A Leiningen plugin to generate fingerprinted files suitable for use in browser cache-busting.
It was designed with the specific usecase of fingerprinting CLJS files that are
bundled as part of an uberjar alongside other clojure code in mind.
lein-buster
provides either auto-run hooks that invoke it after
leiningen.compile
or a task to invoke it manually from a project.
Once run, lein-buster
will output two types of artifacts:
- A fingerprinted version of your specified files in the format of
<filename>-<fingerprint>.<extension>
. - A manifest file in
JSON
format so that you can map the filename you know to the generated one.
Buster needs to know which files you want to fingerprint and where to write a
manifest to. You can supply this configuration inside a :buster
map like so:
:buster {:files ["resources/public/scripts/awesome.js"]
:manifest "resources/manifest.json"}
If you're not feeling picky, you can stick that configuration at the
project.clj
's top level. Otherwise, you can put it at the top level of a
relevant profile (example below).
Buster also supplies a hook to run itself post-compile with. You can add that to
your project.clj
like so:
:hooks [leiningen.buster]
If you're using a hook from another plugin that generates the static files you
want fingerprinted (e.g. [lein-cljsbuild
] lein-cljsbuild), you should make
sure that hook comes before buster's:
:hooks [leiningen.cljsbuild leiningen.buster]
Add [lein-buster "0.1.0"]
to the :plugins
vector of your project.clj
.
You can invoke lein-buster
manually from your project like so:
$ lein buster
This is probably not that useful, outside of making sure you've configured things properly. The auto-run configuration outlined above is probably closer to what you're looking for.
If you want to have lein-buster
run only as part of your jar compilation
(which is likely), your buster config in your project.clj
can be nested under
the relevant profile like so:
:profiles {:uberjar {:hooks [leiningen.buster]
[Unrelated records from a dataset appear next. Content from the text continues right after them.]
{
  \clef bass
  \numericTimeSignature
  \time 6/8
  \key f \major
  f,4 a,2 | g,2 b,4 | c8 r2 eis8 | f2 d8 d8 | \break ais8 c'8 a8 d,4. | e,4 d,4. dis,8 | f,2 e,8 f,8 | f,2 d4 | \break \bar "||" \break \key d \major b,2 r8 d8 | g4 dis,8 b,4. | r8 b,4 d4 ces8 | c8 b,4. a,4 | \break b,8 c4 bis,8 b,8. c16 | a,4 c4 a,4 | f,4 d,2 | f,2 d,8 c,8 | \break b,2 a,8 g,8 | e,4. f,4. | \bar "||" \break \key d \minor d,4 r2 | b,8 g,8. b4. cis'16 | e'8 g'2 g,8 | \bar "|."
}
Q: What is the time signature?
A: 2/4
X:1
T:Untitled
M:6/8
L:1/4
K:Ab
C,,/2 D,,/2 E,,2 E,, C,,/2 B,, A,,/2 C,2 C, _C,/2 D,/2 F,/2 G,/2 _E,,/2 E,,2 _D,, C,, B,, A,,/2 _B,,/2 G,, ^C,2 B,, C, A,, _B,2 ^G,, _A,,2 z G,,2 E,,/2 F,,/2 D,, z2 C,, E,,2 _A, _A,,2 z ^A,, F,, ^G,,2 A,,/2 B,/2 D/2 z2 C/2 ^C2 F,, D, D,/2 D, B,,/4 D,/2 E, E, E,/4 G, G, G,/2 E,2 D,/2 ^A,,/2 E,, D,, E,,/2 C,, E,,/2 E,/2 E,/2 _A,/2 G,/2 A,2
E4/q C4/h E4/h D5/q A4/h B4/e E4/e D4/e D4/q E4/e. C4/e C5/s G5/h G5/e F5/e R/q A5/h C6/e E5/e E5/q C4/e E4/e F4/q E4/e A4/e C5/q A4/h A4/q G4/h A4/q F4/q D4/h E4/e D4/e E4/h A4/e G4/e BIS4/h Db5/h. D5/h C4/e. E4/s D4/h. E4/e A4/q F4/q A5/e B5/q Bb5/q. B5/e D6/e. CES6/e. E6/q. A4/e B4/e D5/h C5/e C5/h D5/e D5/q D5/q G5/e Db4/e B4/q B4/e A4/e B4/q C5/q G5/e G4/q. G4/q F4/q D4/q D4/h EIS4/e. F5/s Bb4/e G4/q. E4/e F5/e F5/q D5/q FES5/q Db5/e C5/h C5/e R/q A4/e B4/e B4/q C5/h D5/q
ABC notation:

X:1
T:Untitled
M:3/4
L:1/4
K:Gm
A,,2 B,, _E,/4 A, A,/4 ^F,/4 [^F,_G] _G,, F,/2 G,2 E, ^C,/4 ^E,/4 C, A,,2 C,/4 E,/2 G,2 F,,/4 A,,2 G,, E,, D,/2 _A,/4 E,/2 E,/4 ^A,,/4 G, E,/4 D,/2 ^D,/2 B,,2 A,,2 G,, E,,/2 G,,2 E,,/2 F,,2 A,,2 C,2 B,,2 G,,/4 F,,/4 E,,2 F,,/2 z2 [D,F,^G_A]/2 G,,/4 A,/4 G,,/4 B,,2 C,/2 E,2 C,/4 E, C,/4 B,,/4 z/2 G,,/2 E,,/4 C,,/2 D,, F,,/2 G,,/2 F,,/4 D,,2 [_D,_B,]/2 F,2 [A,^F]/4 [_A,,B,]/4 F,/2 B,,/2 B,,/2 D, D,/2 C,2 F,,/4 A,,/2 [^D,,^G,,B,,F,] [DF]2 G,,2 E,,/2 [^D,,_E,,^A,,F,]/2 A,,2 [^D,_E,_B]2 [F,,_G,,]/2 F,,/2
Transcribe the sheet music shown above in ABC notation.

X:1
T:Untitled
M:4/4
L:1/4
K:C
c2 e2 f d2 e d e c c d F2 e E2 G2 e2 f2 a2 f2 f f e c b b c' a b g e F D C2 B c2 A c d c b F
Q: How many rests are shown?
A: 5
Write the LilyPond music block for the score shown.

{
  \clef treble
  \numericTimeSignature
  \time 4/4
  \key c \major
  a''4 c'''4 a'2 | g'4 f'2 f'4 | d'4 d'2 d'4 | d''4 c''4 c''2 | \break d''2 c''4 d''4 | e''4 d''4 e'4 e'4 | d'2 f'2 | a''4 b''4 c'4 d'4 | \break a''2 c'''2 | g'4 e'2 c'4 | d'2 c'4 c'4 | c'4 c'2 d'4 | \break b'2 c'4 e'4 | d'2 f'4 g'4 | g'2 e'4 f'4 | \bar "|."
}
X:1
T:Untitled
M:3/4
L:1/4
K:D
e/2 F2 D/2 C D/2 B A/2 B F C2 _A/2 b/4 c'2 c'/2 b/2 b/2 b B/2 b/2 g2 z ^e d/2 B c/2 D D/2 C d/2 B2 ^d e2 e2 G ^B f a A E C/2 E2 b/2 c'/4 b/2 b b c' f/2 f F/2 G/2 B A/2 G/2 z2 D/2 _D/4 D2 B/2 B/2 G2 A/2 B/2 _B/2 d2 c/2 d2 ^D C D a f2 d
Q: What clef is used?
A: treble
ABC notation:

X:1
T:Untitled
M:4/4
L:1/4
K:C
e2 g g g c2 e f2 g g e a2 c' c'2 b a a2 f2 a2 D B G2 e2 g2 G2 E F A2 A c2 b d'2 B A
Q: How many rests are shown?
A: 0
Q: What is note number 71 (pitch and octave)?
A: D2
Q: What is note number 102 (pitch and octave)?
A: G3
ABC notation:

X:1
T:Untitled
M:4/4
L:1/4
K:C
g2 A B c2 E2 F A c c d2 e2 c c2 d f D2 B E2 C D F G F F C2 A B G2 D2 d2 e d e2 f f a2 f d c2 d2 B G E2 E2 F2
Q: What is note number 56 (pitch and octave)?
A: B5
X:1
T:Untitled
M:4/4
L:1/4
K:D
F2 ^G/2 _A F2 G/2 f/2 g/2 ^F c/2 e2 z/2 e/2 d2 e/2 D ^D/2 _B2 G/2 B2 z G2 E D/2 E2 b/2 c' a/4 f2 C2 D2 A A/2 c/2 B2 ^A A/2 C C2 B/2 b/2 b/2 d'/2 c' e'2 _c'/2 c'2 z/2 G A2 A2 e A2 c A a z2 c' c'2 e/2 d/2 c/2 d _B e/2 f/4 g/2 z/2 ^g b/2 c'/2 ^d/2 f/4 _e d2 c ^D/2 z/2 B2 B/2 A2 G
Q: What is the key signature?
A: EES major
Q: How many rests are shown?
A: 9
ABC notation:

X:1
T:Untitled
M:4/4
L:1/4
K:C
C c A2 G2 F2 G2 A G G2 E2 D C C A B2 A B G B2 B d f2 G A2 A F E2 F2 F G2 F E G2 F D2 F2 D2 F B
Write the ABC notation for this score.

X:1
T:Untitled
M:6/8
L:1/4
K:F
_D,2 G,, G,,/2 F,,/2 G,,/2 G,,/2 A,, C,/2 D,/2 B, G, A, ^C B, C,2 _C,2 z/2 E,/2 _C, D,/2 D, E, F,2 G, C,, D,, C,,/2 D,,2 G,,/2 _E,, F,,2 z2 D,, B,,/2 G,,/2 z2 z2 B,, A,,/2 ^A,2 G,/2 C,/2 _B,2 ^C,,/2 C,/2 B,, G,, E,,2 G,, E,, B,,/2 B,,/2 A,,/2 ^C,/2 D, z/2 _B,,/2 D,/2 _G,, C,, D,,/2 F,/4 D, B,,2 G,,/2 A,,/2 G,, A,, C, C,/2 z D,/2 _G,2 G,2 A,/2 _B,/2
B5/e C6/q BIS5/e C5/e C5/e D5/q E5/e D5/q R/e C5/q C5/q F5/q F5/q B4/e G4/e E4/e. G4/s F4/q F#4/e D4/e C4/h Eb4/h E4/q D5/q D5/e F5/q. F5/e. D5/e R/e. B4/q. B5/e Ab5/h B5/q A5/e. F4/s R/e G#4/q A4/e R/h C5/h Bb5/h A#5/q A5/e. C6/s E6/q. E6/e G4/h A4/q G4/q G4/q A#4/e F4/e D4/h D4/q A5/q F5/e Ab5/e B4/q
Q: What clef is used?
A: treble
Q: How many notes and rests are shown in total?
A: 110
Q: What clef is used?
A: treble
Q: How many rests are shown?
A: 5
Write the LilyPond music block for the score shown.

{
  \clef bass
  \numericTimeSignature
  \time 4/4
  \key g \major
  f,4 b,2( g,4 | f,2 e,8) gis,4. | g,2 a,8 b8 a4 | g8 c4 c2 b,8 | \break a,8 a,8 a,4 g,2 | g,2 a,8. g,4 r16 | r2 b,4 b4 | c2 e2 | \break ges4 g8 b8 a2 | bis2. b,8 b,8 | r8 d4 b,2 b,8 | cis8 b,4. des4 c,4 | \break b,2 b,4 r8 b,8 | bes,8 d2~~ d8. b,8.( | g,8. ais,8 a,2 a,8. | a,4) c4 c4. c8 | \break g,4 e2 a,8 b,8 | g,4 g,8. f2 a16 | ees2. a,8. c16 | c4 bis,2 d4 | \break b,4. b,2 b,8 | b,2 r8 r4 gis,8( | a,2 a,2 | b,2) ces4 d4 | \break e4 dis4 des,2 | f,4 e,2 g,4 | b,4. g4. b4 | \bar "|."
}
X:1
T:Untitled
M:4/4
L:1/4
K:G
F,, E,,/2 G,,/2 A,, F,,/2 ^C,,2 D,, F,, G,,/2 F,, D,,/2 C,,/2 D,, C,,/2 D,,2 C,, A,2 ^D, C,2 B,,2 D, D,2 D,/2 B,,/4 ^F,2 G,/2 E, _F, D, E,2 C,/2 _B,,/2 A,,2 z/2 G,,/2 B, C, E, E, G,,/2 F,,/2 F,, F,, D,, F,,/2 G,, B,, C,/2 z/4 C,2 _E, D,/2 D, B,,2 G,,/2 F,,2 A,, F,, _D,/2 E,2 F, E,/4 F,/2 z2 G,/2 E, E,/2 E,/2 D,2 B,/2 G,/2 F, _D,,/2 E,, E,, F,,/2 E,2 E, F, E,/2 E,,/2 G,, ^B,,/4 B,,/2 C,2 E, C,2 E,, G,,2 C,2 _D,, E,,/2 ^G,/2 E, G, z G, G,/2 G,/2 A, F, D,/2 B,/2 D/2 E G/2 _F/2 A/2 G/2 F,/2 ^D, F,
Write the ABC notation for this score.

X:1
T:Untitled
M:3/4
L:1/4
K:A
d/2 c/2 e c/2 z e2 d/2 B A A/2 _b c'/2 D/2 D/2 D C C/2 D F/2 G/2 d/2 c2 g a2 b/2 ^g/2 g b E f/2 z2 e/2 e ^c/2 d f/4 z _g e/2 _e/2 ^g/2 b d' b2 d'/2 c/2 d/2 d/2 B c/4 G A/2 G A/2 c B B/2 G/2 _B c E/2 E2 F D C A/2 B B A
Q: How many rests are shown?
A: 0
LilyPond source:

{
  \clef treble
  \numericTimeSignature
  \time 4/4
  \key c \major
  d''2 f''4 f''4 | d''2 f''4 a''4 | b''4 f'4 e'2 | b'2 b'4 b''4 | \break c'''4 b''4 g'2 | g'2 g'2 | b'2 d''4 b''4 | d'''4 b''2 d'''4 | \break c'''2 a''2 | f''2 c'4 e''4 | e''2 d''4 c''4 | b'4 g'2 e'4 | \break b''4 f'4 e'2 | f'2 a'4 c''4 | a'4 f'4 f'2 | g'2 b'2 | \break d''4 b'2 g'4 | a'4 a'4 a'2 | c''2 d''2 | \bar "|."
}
:buster {:files ["resources/public/scripts/awesome.js"]
:manifest "resources/manifest.json"}}}
You'll want to parse the generated manifest file and expose the mappings to your
views so that you can substitute the file name you know (e.g. application.js
)
to the fingerprinted version (e.g. application-acbd18db4c.js
).
In my current project, we use cheshire
to parse the JSON from clojure
and construct our views using selmer
. We added a custom selmer
tag
to help with this translation:
(defn load-revision-manifest
[path]
(when-let [manifest (io/resource path)]
(-> manifest slurp chesh/parse-string)))
(def revision-manifest
(memoize load-revision-manifest))
;; Returns the fingerprinted asset name for a file listed in the revision manifest.
(selmer/add-tag! :asset-name
(fn [args context-map]
(let [asset (first args)
manifest (revision-manifest "manifest.json")]
(or (get manifest asset) asset))))
Subsequent use in a Selmer template looks like this:
<script type="text/javascript" src="/scripts/{% asset-name application.js %}"></script>
If you're using a different templating engine or a completely different
approach, please add how you're integrating lein-buster
to the wiki!
Copyright © 2016 Stephen Caudill
Distributed under the Eclipse Public License either version 1.0 or (at your option) any later version.